The results are illustrated and plotted in Fig. 5. It has been observed that GRNN tends to slightly overestimate and BPNN model tend to slightly underestimate; but for GMDH, almost 47 % are underestimate and 53 % are overestimate. This suggests that the GMDH is quite fair in its approach and have tendency neither toward underestimation nor towards overestimation.

Fig. 5
figure 5

Percentage of underestimated and overestimated observation by each model

6 Threats to validity

There are a few threats to validity of this study that should be taken into consideration while interpreting the results. Some of these limitations are very common whenever any empirical study is conducted and hence not uniquely attributable to this study. However, for the sake of completeness we have mentioned them all as follows:

  1. (1)

    The results obtained in this study are based on the data obtained from a two real life applications which have specific characteristics and behavior and could not be generalized.

  2. (2)

    It is exposed here that most of the metrics selected in the study have statistically significant relationship with maintainability. Such statistical methods provide only empirical evidence of relationships and do not demonstrate the actual scenario. Controlled experiments where certain measures can be varied in a controlled manner while keeping the others constant, could actually demonstrate the scenario.
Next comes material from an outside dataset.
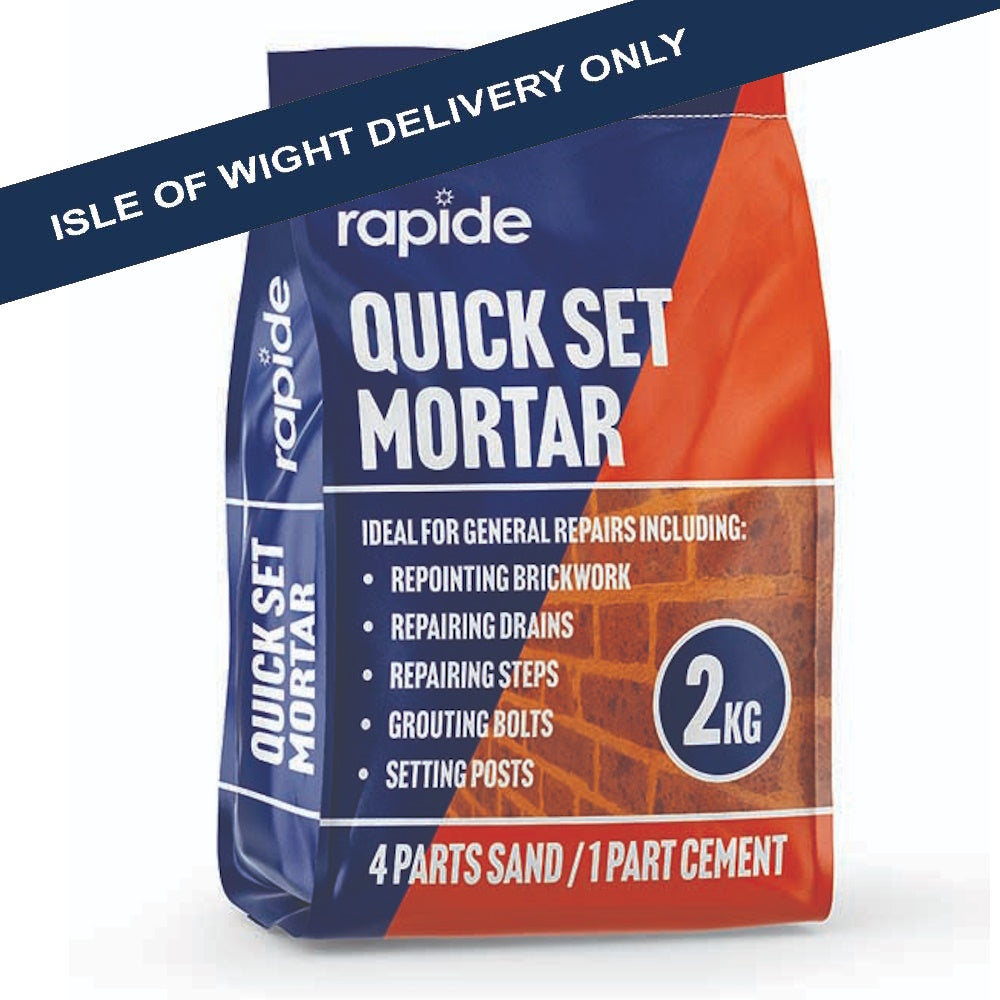 Rapide Quick Set Mortar 2KG - 1970 Mortar Rapide Products Building Aggregates Collections_Building Aggregates Collections_Fillers / Sealants Decorating Fillers & Sealants iow only iowonly mortar Product Type_Fillers Product Type_Mortar Rapide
As usual however, it is difficult to undertake such controlled experiments in reality.

  3. (3)

    It should be noted that only code developed in C# was considered in this study. We believed that the conclusions derived from using this code are valid for object-oriented methodologies. However, further research is needed to be conducted to verify this scheme on other object oriented languages such as Java.

  4. (4)

    There are many psychological factors also which affect maintainability but not considered in this study as we can not quantify them such as different level of expertise for developers, different standards in which application is developed, number of active developers involved, development history of the systems and familiarity of the system with the persons involved in maintenance.

  5. (5)

    It should be reiterated that this study only provides probable indications of the effect of different design measures on maintainability. Since it was not possible to consider all factors that affect maintainability in one model in this study, the results obtained here are worth verifying as part of future work using the models that consider other factors as well.

7 Conclusions and future work

The life of any software depends on its maintainability. If the software is more maintainable then it is enhance and hence will reduce the maintenance cost significantly for a longer period. This paper presented a study aimed at assessing the efficiency of different prediction models for prediction maintainability of web based systems using Object Oriented metrics. The results show that the GMDH is very helpful model in prediction of software maintainability. After the analysis of results it has been observed that error rate for GMDH model is 35.5 % in comparison with F3LBPNN whose error rate is 45.7 % and GRNN with error rate 54.7 %. Hence, GMDH is found to be more accurate and precise for predicting maintainability of web based applications.

Developers can use this model to judge maintainability of the software while designing and coding. Software practitioners and researchers can use GMDH model in order to predict maintainability in early phases of software development. They can thus reduce maintenance phase and hence save the time. Further they can consider that the developed application is more maintainable or not. This in itself would save the time and cost for the organization responsible for developing and deploying customized software’s for the customers to gain their better satisfaction in the industry.

However, it is recommended that further validation studies should be performed using other analytical techniques before the results are actually used in practice. Since the results are based on empirical validation on medium sized web based software more studies needs to be conducted for large systems before generalising the concept. We plan to validate the results on large sized systems in future.